● **YOUR TASK**:
An exact copy of the data is needed, but without any of its images.

● **MATERIAL SHOWN**:
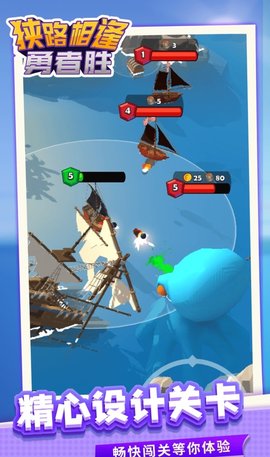 狭路相逢勇者胜 1.1.1 安卓版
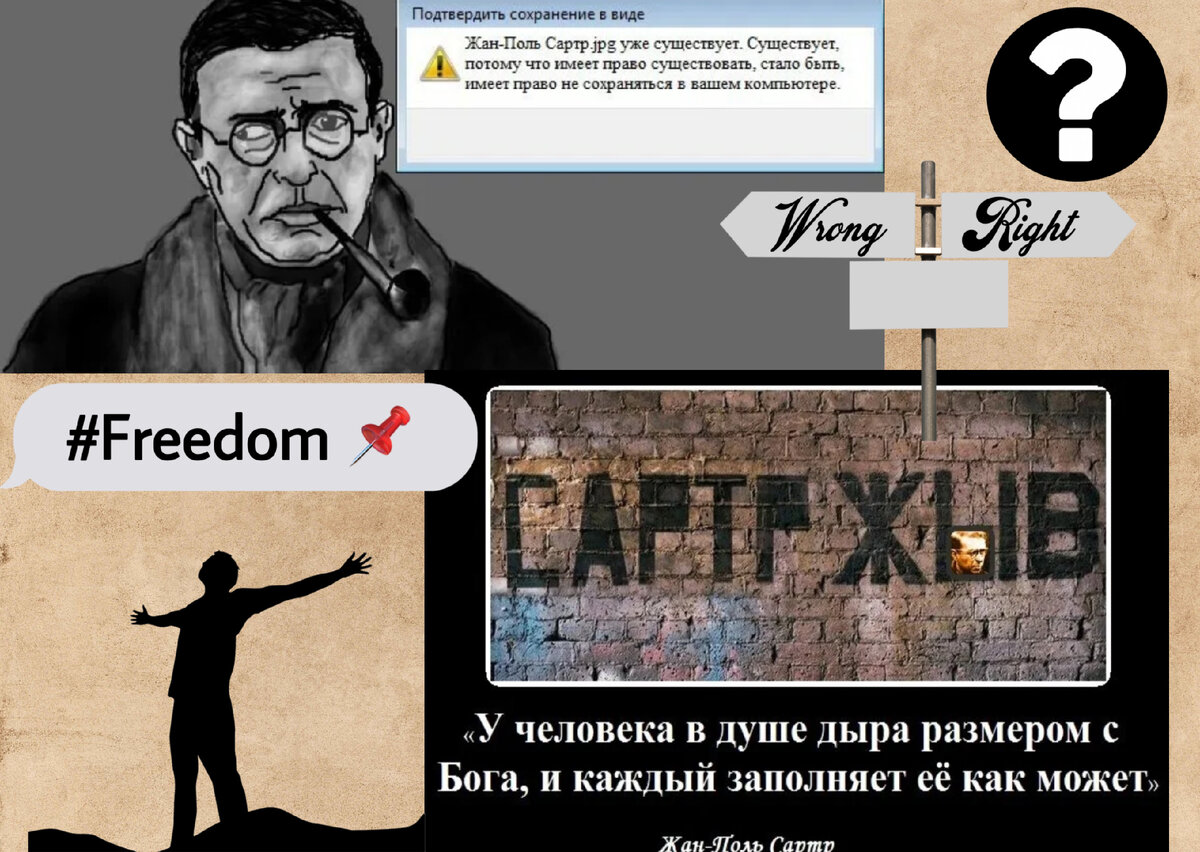 «Жизнь — боль, если ты Сартр Жан-Поль».😅Экзистенциализм в доступной форме.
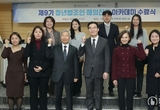글로벌 법률시장을 향한 대한민국 청년 법조인의 길을 열다
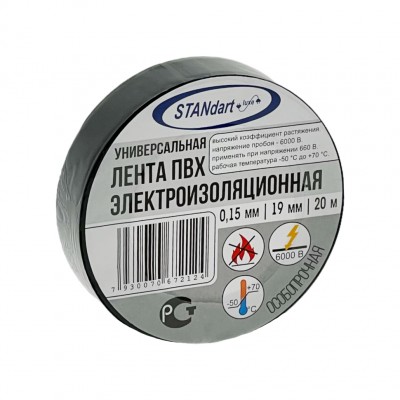 Изолента ПВХ, 19 мм, 20 м, чёрная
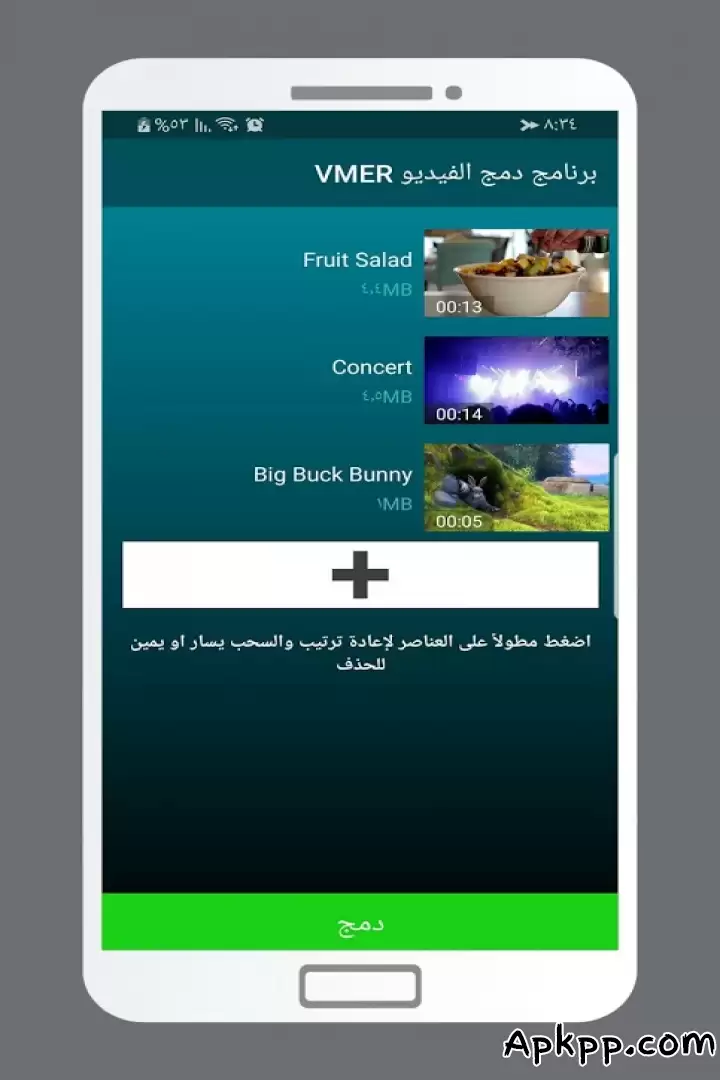 تحميل VMER‏ APK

● **PROBLEM SOLUTION**:
 狭路相逢勇者胜 1.1.1 安卓版
 «Жизнь — боль, если ты Сартр Жан-Поль».😅Экзистенциализм в доступной форме.
글로벌 법률시장을 향한 대한민국 청년 법조인의 길을 열다
 Изолента ПВХ, 19 мм, 20 м, чёрная
 تحميل VMER‏ APK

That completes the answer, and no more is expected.